Like many shortline manufacturers, the majors approached Tye to do contract manufacturing. Illinois farmer B.G. Schluetter had built a crude carrier attachment that had coulters and lift wheels that he attached to his Tye drill to make no-till work. Tye licensed his patent, and had gone to work to make it marketable and manufacturable. It caught John Deere’s attention and the OEM paid Tye to ship a few units to Iowa.
“John is reserved but very smart and always good at picking people to run things for him and giving them resources to build it. He was straight and honest with suppliers and had high expectations of them to do their part. He was interested in everything, not just his drills…”

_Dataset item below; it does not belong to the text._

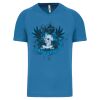 Heren-sport-t-shirt V-hals Thumbnail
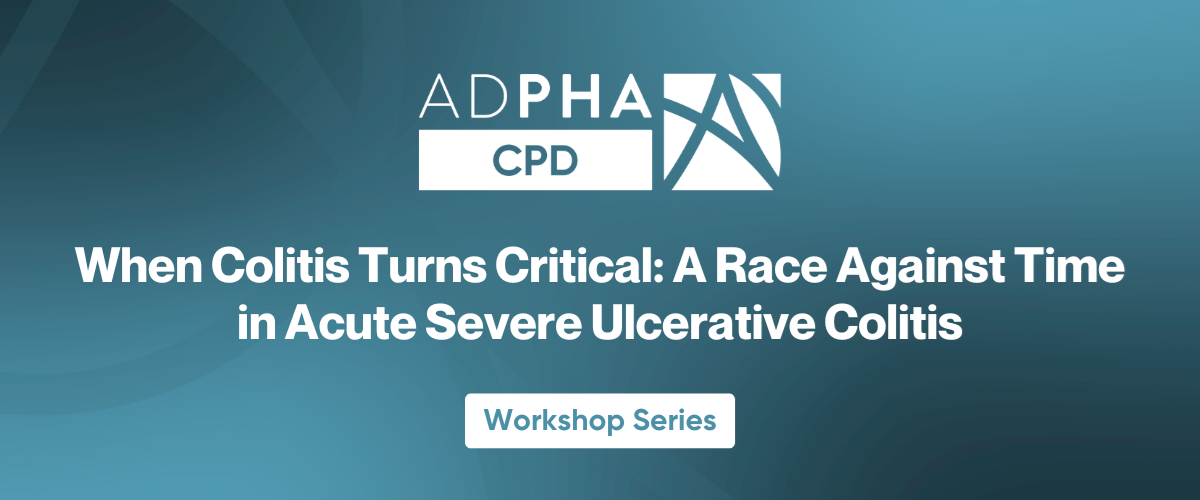 Masterclass in Clinical Medication Management Workshop Series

– Morry Taylor, chair of tire & wheel supplier Titan International
“There appeared to be a big internal battle going on at Deere — the marketing folks wanted a product in the market immediately — which would’ve been before they ultimately came with the 750 drill. The engineering folks wanted to wait until they could develop their own.” Ultimately, Deere’s engineers called it quits on the project.

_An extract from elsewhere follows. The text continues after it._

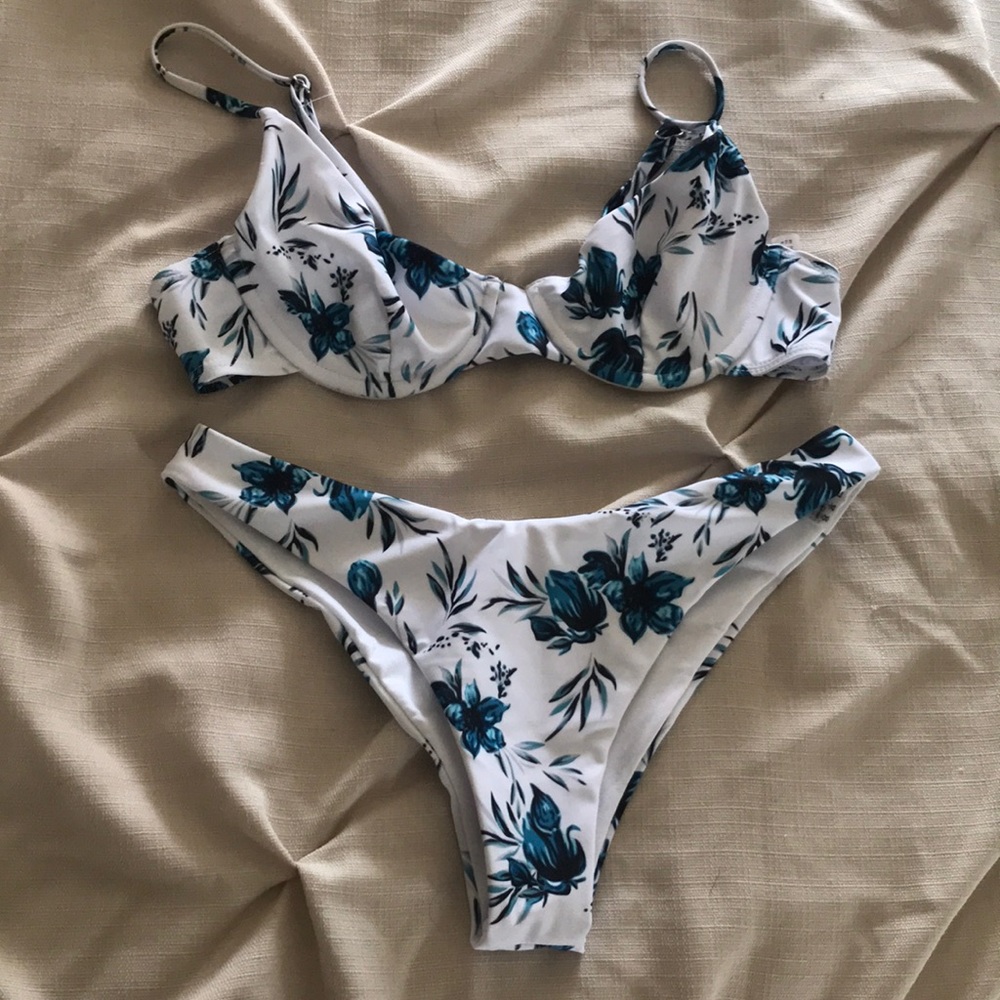 Zaful bikini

Even though the project died, Tye got an early view into how excited Deere’s marketing team responded to the no-till trend. “We doubled down on the promotion and the sales. There was a huge group of folks that bought before the ability to do no-till drilling. They were adding these units to their drills to be able to no-till with them.”
An Extension into Pastures
Along the way, Tye was approached with a new market opportunity. “Someone asked, ‘If you can build no-till drills, why can’t you build something to renovate my pasture?’ We said, ‘Tell us more.’”
There proved to be a large demand as well. “A lot of folks in the cattle business wanted to renovate their pasture without plowing it up. With the no-till pasture renovation machine, we had several boxes that could handle different kinds of seeds — from the little to the big to the fluffy grass seeds — depending on what you wanted to put in.”
Bradley recalls Tye’s “Pasture Pleaser” that was the first developed for the application and was a big success in the pre-Roundup days. It would have a number of variations and sizes, up to 160 inches and 4 40-inch rows, in both pull and 3-point versions.